There is no such thing as collective guilt because “if everybody is guilty, in fact nobody is”, Gulyas said, but added that “the state however has responsibility”.
Ever since the 1989 regime change, Hungarian governments have always clearly stated their position that during the Holocaust, the Hungarian state “was not able to, and in many cases would not want to” protect its citizens, while the Hungarian authorities participated in the deportation of several hundred thousand of Hungarian Jews, Gulyas said.
He said that the heroes must also not be forgotten, people who did not look away and took risks or even sacrificed their lives while protecting Jews.
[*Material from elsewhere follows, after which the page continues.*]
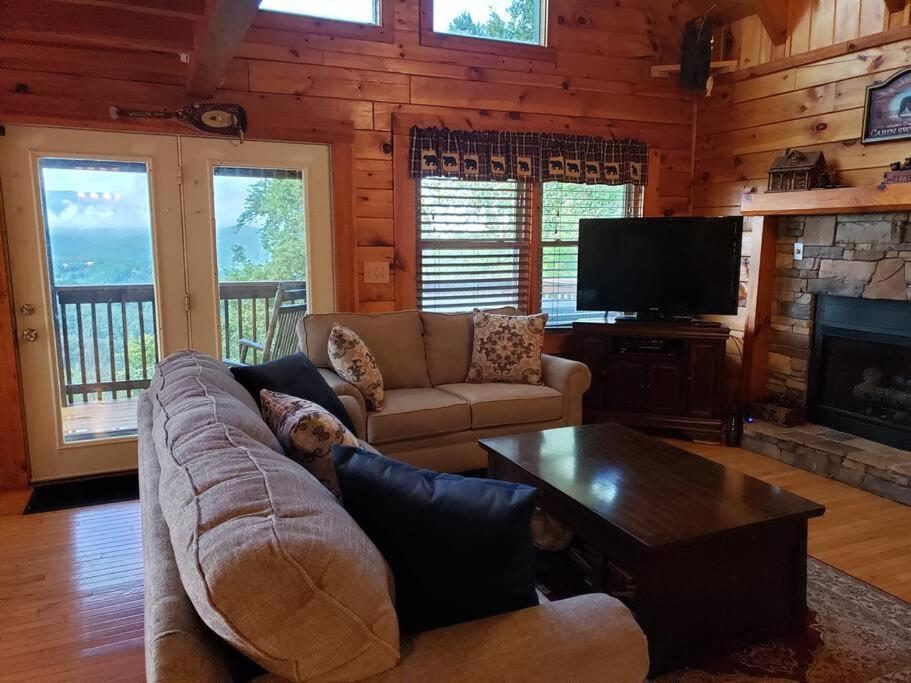 Yogi'S Den: Breathtaking Views! 3 Min To Dollywood, On 1 Acre! Villa Sevierville Exterior photo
Hungary is currently one of the safest places in Europe for the Jewish community, he said. The government makes clear its stand against all forms of anti-Semitism also on international platforms and considers remembrance and the protection of the freedom of thought important, he said.
Gulyas warned about the dangers of the current era, saying that giving up on Europe’s Jewish-Christian roots and culture “poses a danger to us all”. Migration, unless going along with integration in society, threatens the Jewish community the most, he said.
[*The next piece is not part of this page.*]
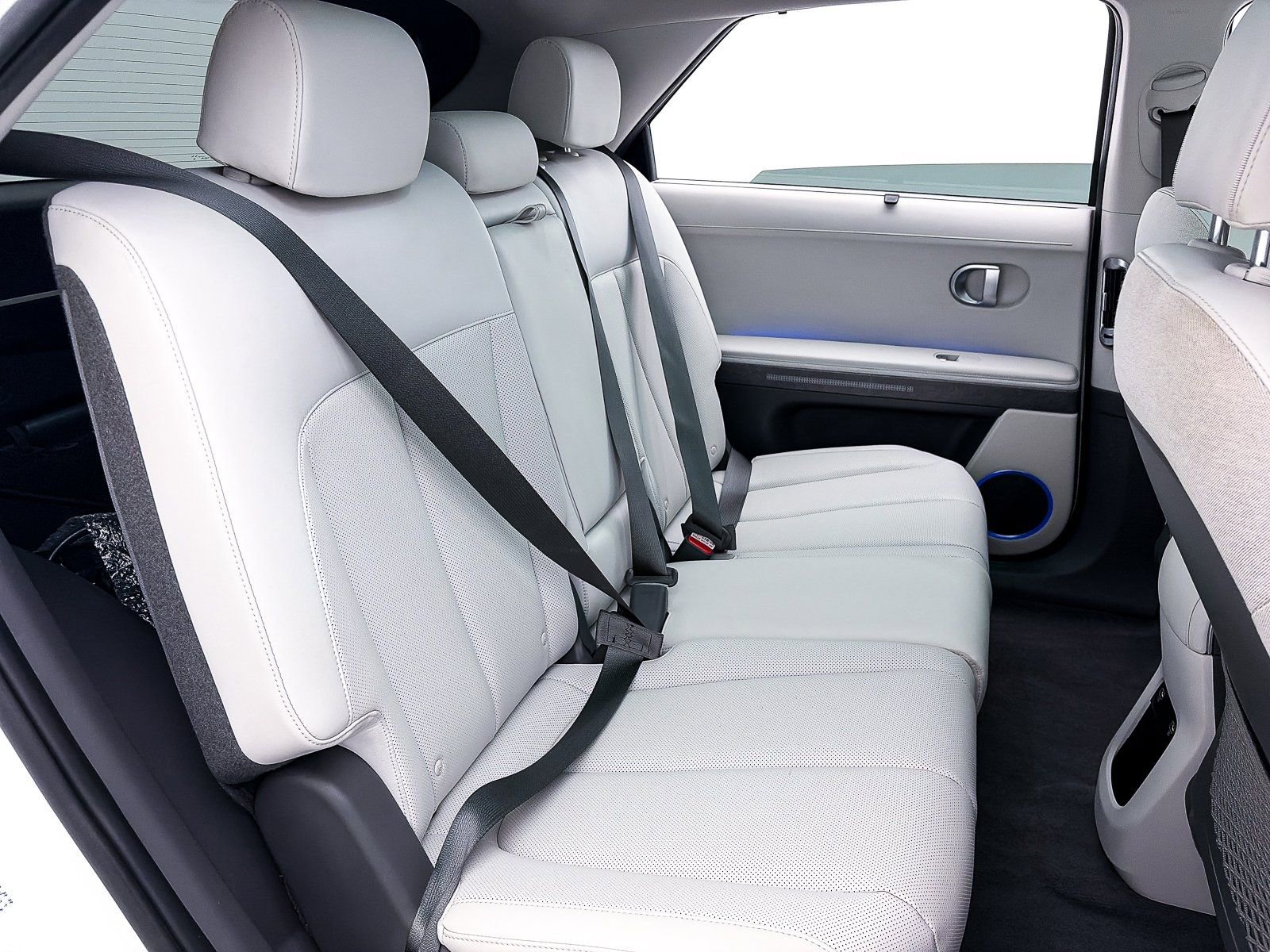 Used 2023 Hyundai Ioniq 5 Limited image 36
French Ambassador Pascale Andreani told the commemoration that the Holocaust had been the most serious crime ever committed in human history, adding that six million people, three-quarters of Europe’s Jewish population and more than a third of the world’s Jewish population, were exterminated.
Israeli Ambassador Yacov Hadas-Handelsman said that 77 years after the Holocaust “we are still three million less” than before the start of the second world war, adding that the reason for mourning would “will stay with us forever”.
Russian Ambassador Evgeniy Stanislavov told the event that it was impossible to understand how people had been able to commit the cruelties of the Holocaust and it was equally impossible to understand that neo-Nazis were still holding marches on the streets of some modern European states. “This is why it is important to preserve the truth so that it stays with us as a lesson as well as a warning,” he said.